7人が本棚に入れています
本棚に追加
だけど……
そんな妄想がいつまでも続く程、世界は単純に出来ていない。
居ないはずの少女の存在は現実との間に摩擦を生み、やがては弾け飛ぶ。
昨日、ついにその日が訪れてしまった。
結果……
一年近く現実逃避したツケを一気に食らい、俺という廃人が出来上がっただけだった。
例えれば、長年に渡ってヅラであることを妻に内緒にしていて、結婚記念日のサプライズでバラしたようなものだ。

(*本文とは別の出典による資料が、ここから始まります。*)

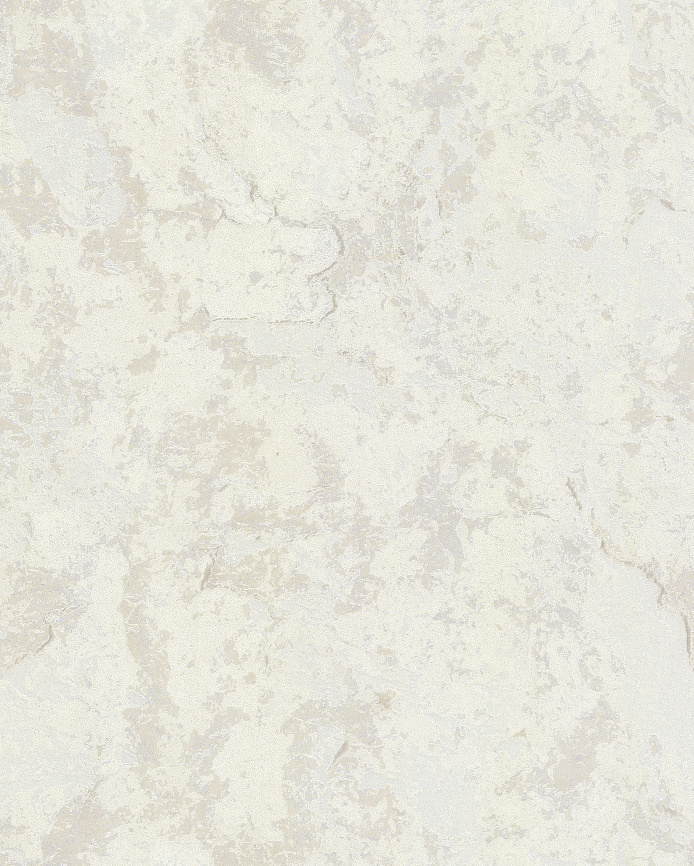 Emiliana Parati Форте Дей Марми (Forte Dei Marmi) 82679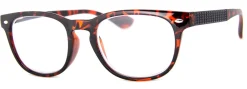 Neighbor*AJ Morgan Eyewear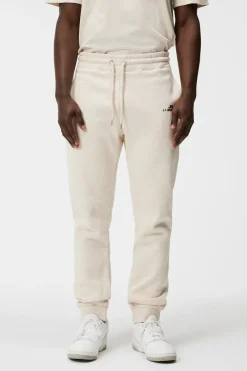 J.Lindeberg Alpha Pant* Underdeler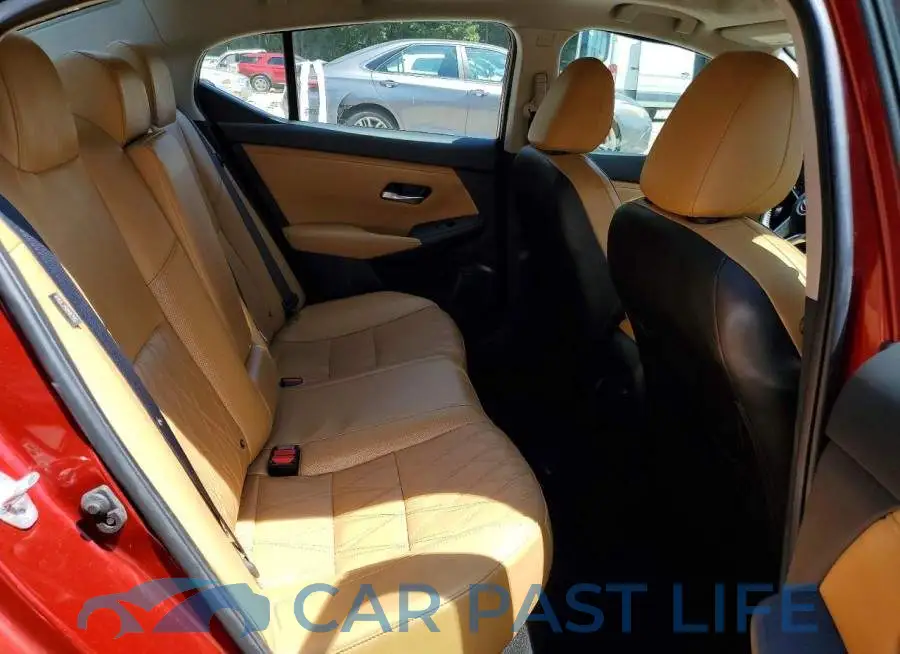 3N1AB8CV5PY241205# 10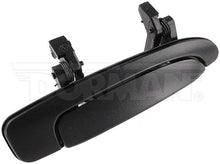 Load image into Gallery viewer, 82118 Exterior Door Handle Dorman - HELP Canada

即離婚である。
逃避やめ
当否問うため
頭皮見せ
やかましわ
……くだらない事を考えてしまった。
だが、多少のお茶目は赦して欲しい。
そうでもしないと、俺は虚無感と不安とで押し潰されそうなのだから。
実際に、死にたいとすら思っている。
輝欄のいない世界には何の未練もない。
けれど、だからと言って自殺など出来るのか? いいや、出来ない。
走っている電車へダイブ?
首吊りでヘブンへゴー?
リストカットで一人血液噴水?
そんな気力が残っていたら、今こうして家のベッドで餓死でもしないかなー、と不貞寝などしない。
つまり、俺の存在は宙に浮いているのだ。
生きる事を望んでいるわけでもなく、また、進んで死ぬわけでもない。
中途半端で、この世から持て余された人間。
それが今の俺、青田輝の姿だった。
最初のコメントを投稿しよう!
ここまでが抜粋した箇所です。